6/30/2011

On Silence

When I started posting on websites and forums relating to writing, on a whim I set my avatar on most sites to this image:


For the last couple of years I've been waiting for someone to ask me what it is, or why I've used it, but none of you bastards have. But sod you, I'm going to explain anyway.

Some of you may know it's a close up of a 1615 painting by Salvator Rosa called Self Portrait. I've made sporadic and lacklustre attempts throughout my life to learn more about art, and this is one of the few paintings that's ever really struck me in the same way books or poems or songs do. Typically for me, it's not just the visual side that made an impact, but the words. 'AVT TACE AVT LOQVERE MELIORA SILENTIO.'


'Be silent, unless what you have to say is better than silence'

To me, silence is a blank page.

I think we can all admit there's too much noise in the world. And we all contribute to it: the emails, the Tweets, these godamn blog posts. Everywhere you go, everywhere you look, someone is talking, someone has written something down, usually in an attempt to sell you something.
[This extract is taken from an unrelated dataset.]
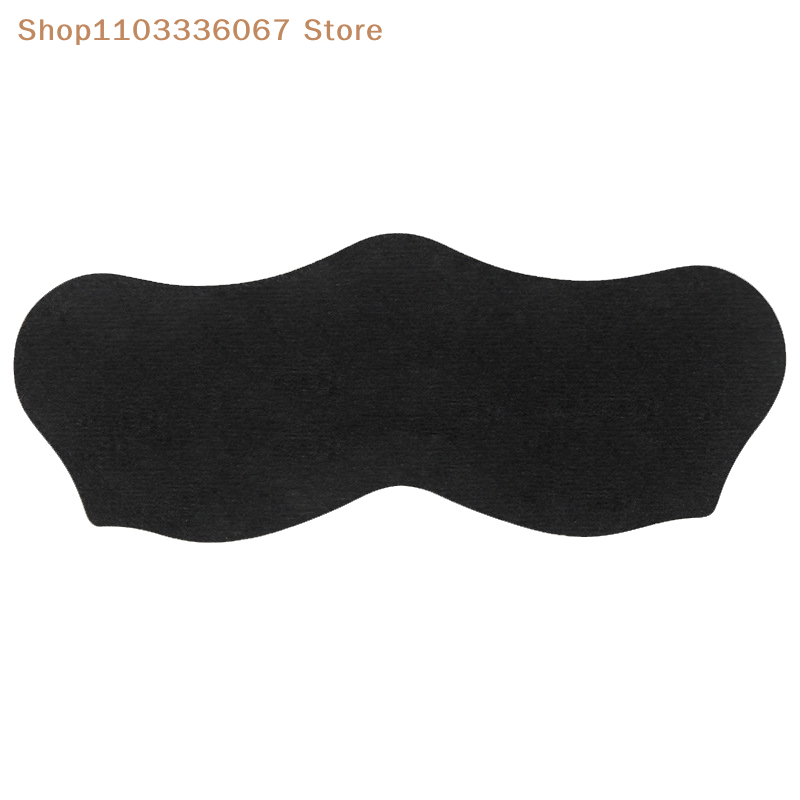 [HM]10Pcs Unisex Blackhead Rem - Face Mask Skincare review and price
And I'm as guilty of it as the next person; more so, probably. "Buy my book, buy my book" a thousand times a week, each time in some cunning and eloquent new disguise.
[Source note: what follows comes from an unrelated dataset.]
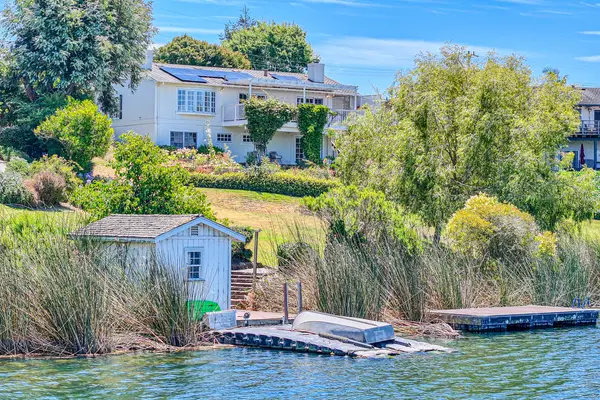 141 Cutter Drive, Watsonville, CA 95076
But when you sit down in front of a blank piece of paper to write, that blankness is silence, that whiteness is silence. And I always think a writer should make sure that what they are about to write is better than that whiteness. That it's not just noise, that it's not just another cynical attempt to, ultimately, get money from people. That it stands with those other words that have broken the silence and have been better than it. That you're breaking the silence for love, not money.

Some Silence, yesterday.

This is a hypocritical blog posting, no doubt about it, and I deserve to be pilloried for attempting to make myself out to be all high-faluting and concerned with better things than everyone else, when really, really, all I'm saying here is "buy my book, buy my book" and wondering why the new words I'm typing feel so weary and familiar for all their newness. 

But hypocrisy doesn't stop us knowing what's right and wrong, and failing to stick to our own values doesn't remove the obligation from trying again the next time. We're all trying to scrape together money; we're all selling something. And that's the world we live in and that's the world we've created, and who are we to judge?

But when you sit down to write - not sell, not promote, not market, but write - take a long look at that blank white space; take a long listen to that silence. And write something better than it. If it helps, imagine this stern gaze upon you as you do so:

Self Portrait
Oh, and if anyone's still reading and wonders what I really look like, then here I am. Hello.